Instructions to follow -> Keep the text of the data exactly as it is and omit each picture from the copy.

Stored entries

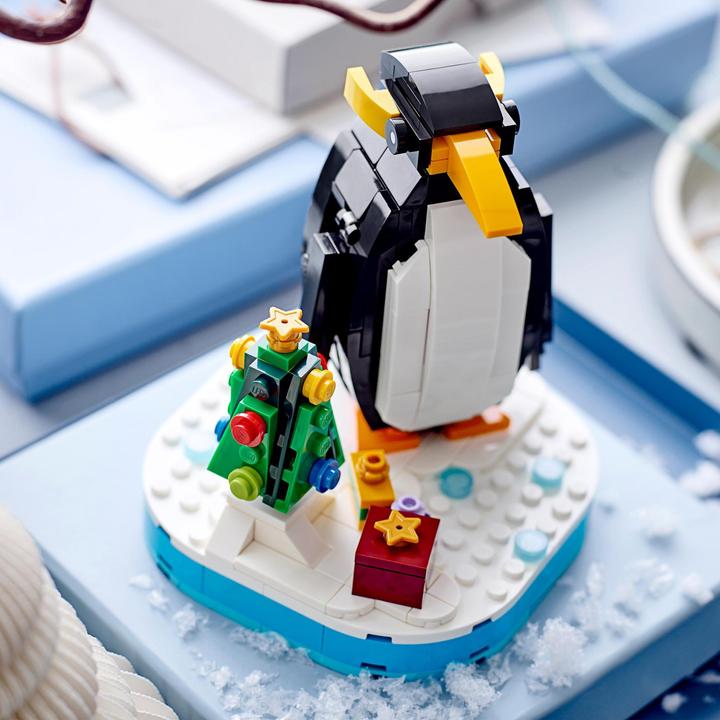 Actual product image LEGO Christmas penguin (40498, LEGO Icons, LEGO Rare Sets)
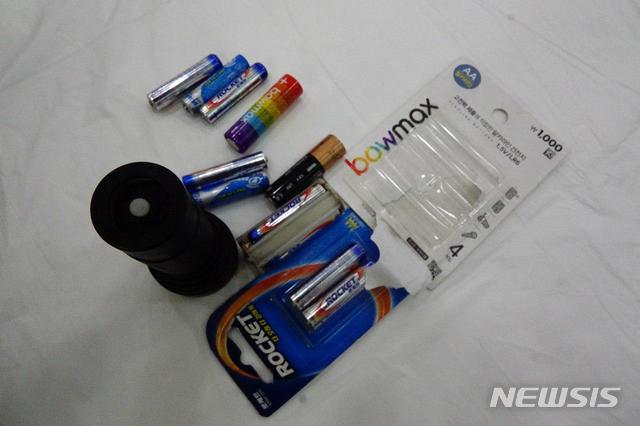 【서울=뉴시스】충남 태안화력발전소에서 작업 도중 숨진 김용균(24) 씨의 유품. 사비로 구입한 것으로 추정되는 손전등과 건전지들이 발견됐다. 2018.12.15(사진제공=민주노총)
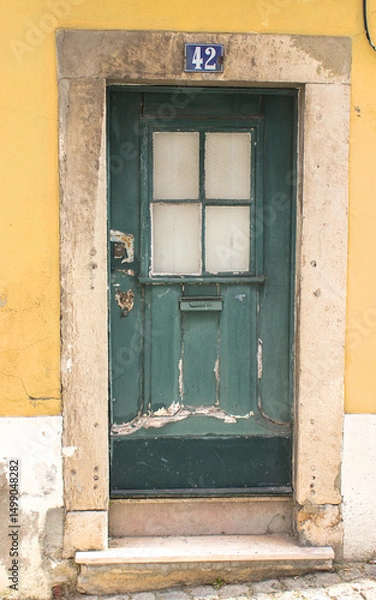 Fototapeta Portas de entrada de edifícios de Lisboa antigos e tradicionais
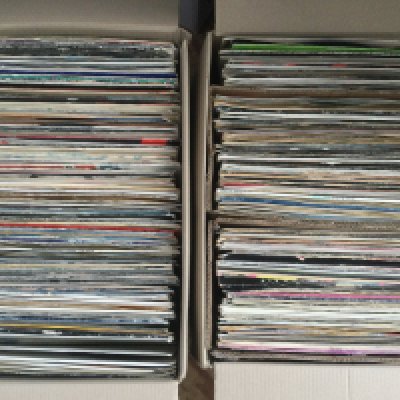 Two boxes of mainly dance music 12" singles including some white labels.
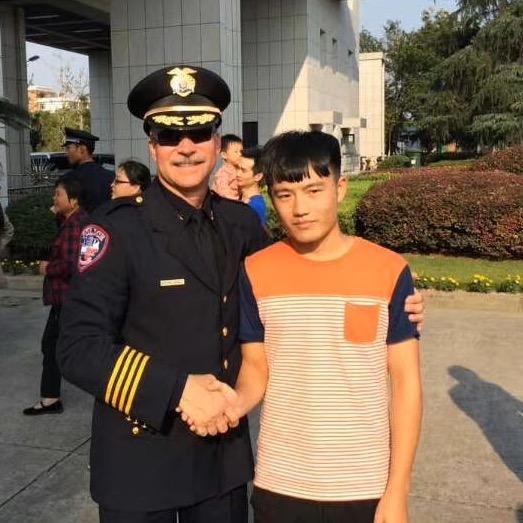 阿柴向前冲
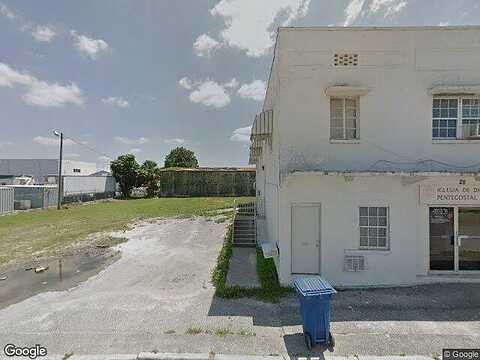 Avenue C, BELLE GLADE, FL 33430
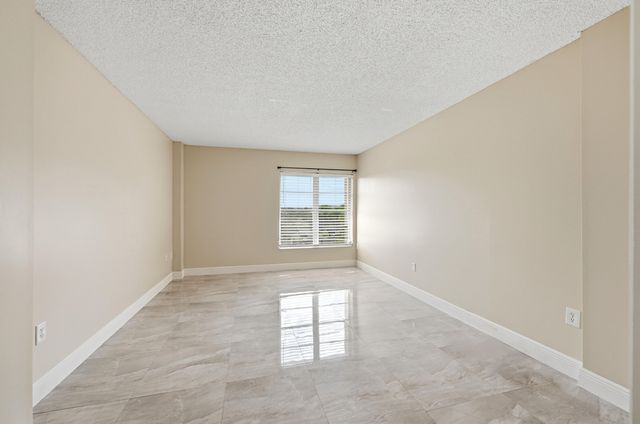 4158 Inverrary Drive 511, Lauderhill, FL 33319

Your solution ->
 Actual product image LEGO Christmas penguin (40498, LEGO Icons, LEGO Rare Sets)
 【서울=뉴시스】충남 태안화력발전소에서 작업 도중 숨진 김용균(24) 씨의 유품. 사비로 구입한 것으로 추정되는 손전등과 건전지들이 발견됐다. 2018.12.15(사진제공=민주노총)
 Fototapeta Portas de entrada de edifícios de Lisboa antigos e tradicionais
 Two boxes of mainly dance music 12" singles including some white labels.
 阿柴向前冲
 Avenue C, BELLE GLADE, FL 33430
 4158 Inverrary Drive 511, Lauderhill, FL 33319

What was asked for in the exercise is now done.